_Problem to solve_
Exact copy, pictures excluded: set down only the lines from the one with "Hillgate Place London W8 photo 10" through the end of the entries, keeping both end lines.

*** Opening of Extracted records ***

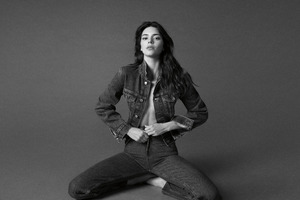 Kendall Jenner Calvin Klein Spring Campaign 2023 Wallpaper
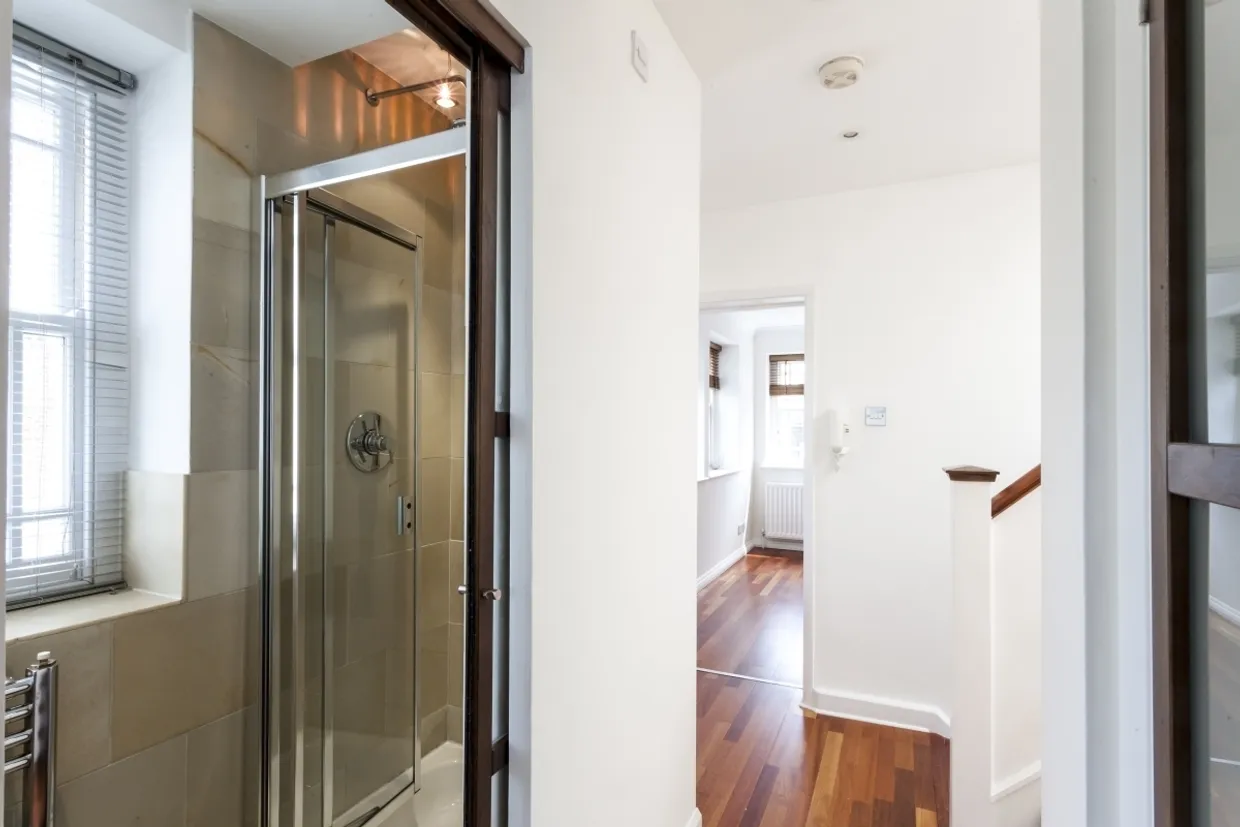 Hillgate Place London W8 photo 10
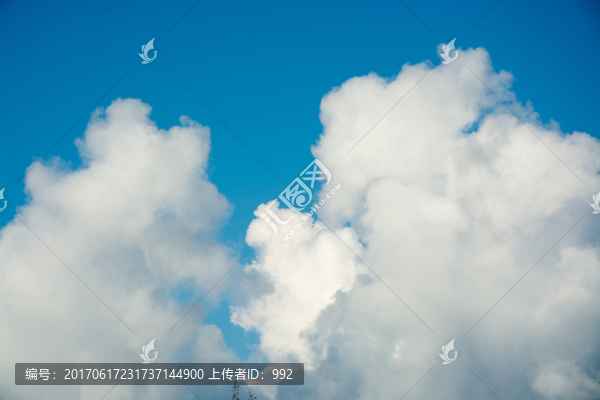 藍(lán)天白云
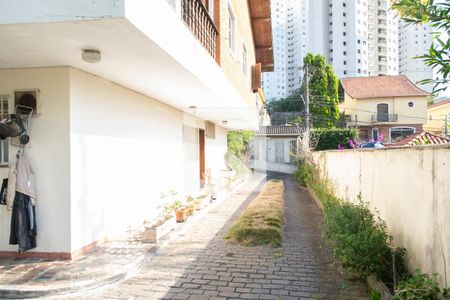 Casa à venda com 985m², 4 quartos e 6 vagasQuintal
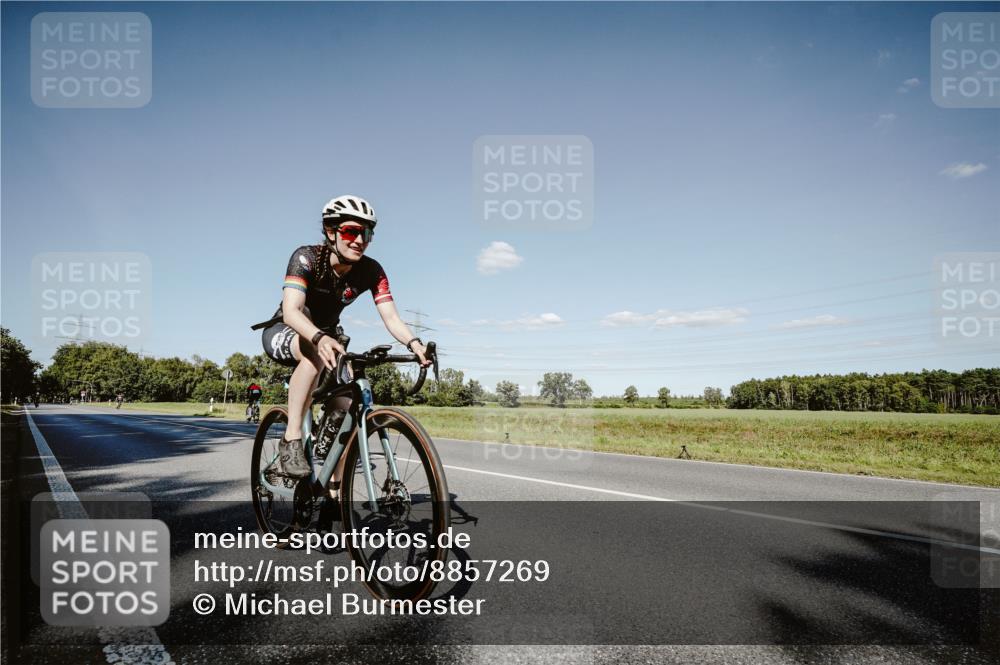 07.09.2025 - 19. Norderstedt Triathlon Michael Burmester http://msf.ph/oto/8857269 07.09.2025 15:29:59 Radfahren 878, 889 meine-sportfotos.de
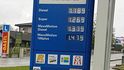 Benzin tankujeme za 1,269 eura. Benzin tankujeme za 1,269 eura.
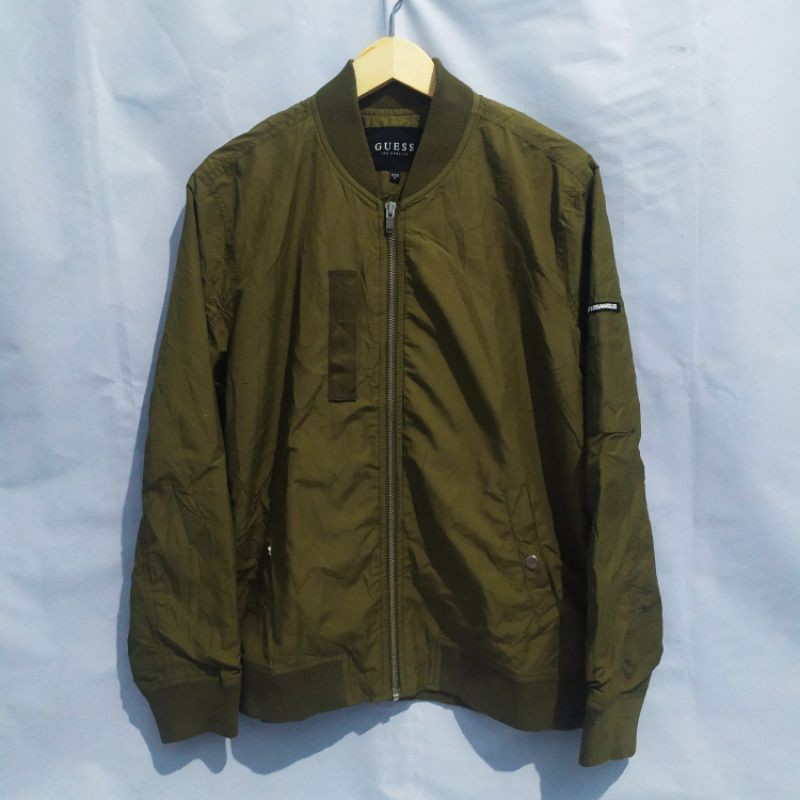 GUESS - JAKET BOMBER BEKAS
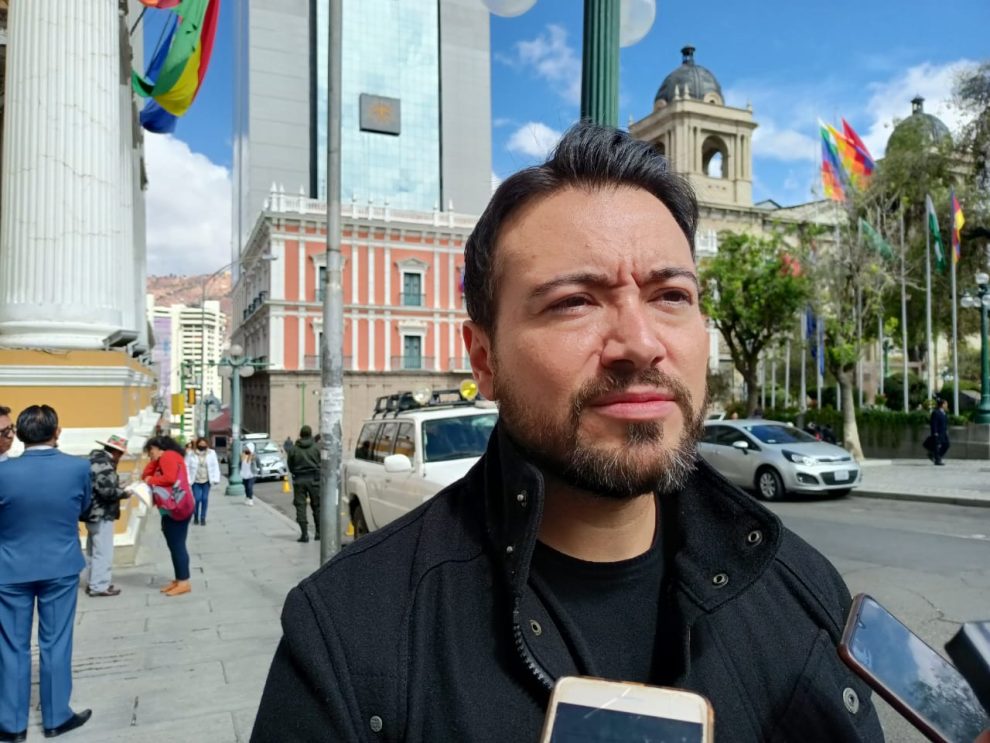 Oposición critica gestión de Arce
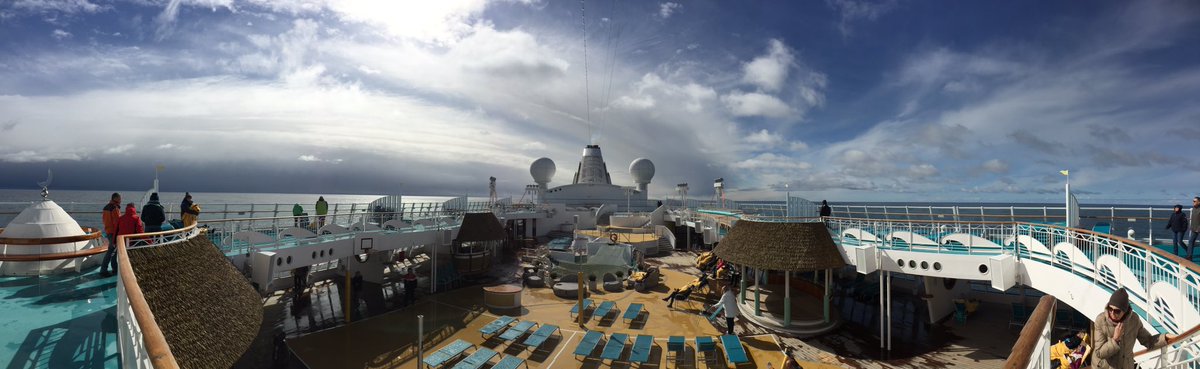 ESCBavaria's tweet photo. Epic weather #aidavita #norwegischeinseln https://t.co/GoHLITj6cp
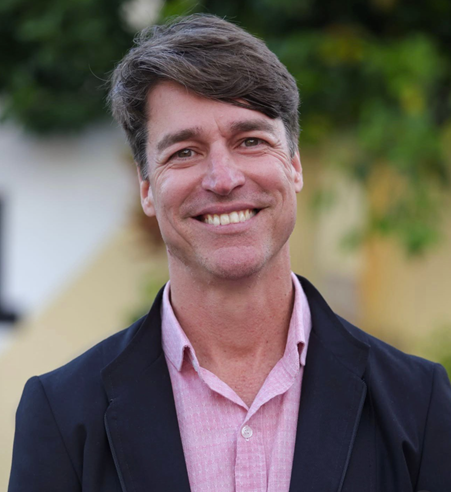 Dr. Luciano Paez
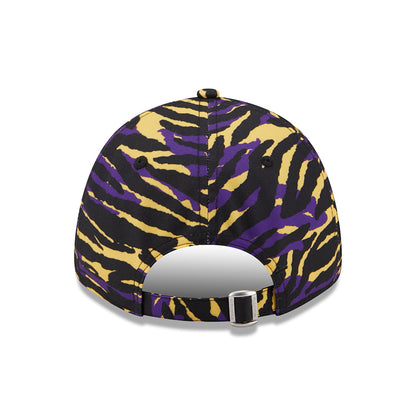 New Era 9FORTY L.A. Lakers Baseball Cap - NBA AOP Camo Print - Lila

*** Close of Extracted records ***

_Finished exercise_
 Hillgate Place London W8 photo 10
 藍(lán)天白云
 Casa à venda com 985m², 4 quartos e 6 vagasQuintal
 07.09.2025 - 19. Norderstedt Triathlon Michael Burmester http://msf.ph/oto/8857269 07.09.2025 15:29:59 Radfahren 878, 889 meine-sportfotos.de
 Benzin tankujeme za 1,269 eura. Benzin tankujeme za 1,269 eura.
 GUESS - JAKET BOMBER BEKAS
 Oposición critica gestión de Arce
 ESCBavaria's tweet photo. Epic weather #aidavita #norwegischeinseln https://t.co/GoHLITj6cp
 Dr. Luciano Paez
 New Era 9FORTY L.A. Lakers Baseball Cap - NBA AOP Camo Print - Lila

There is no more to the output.